Has anyone else similar experiences?


----------



## BluestarE3 (Oct 12, 2017)

Blue Meanie said:


> Is it possible there is some kind of "interference" at or near the locale I occasionally park in at the Park?
> Has anyone else similar experiences?


Where is this park and what kind of interference do you suspect? Is there some kind of radio or microwave tower nearby or something?


----------



## FRC (Aug 4, 2018)

Hard reboot. Soft reboot. What's the dif?


----------



## Love (Sep 13, 2017)

FRC said:


> Hard reboot. Soft reboot. What's the dif?





FRC said:


> Hard reboot. Soft reboot. What's the dif?


Some say a soft reboot is the two scroll wheels pressed down until the Tesla "T" appears, and the hard reboot is the same plus the brake pedal. I've heard so many conflicting reports (from everyone including multiple Tesla employees) that I always just press and hold both scroll wheels and the brake every time... and hold them until the T appears.
I do this after every software/firmware update too... treating it like a PC that just downloaded updates and wants to restart.


----------



## garsh (Apr 4, 2016)

Lovesword said:


> I do this after every software/firmware update too... treating it like a PC that just downloaded updates and wants to restart.

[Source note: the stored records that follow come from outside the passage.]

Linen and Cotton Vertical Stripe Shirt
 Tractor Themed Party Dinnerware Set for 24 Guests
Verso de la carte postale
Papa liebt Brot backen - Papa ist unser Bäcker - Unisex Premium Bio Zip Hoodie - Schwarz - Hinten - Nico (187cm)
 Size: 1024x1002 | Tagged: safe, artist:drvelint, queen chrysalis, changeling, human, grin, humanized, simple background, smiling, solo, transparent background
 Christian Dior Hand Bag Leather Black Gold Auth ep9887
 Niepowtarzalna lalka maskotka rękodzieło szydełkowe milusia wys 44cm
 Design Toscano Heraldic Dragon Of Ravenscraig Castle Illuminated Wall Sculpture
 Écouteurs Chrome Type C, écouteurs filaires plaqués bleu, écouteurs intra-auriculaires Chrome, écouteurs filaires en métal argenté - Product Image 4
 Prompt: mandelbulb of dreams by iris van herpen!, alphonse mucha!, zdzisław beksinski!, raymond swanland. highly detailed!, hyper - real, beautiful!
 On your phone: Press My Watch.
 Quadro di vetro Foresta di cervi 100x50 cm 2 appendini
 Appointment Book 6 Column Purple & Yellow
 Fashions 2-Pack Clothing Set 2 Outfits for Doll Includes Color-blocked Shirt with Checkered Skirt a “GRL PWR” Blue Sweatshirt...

It's been a while since I sat in the car to watch an update, but I think it does a reboot on its own after installing an update. That is, I seem to recall the screen going black for a while, followed by the T logo appearing.


----------



## Blue Meanie (Sep 25, 2016)

BluestarE3 said:


> Where is this park and what kind of interference do you suspect? Is there some kind of radio or microwave tower nearby or something?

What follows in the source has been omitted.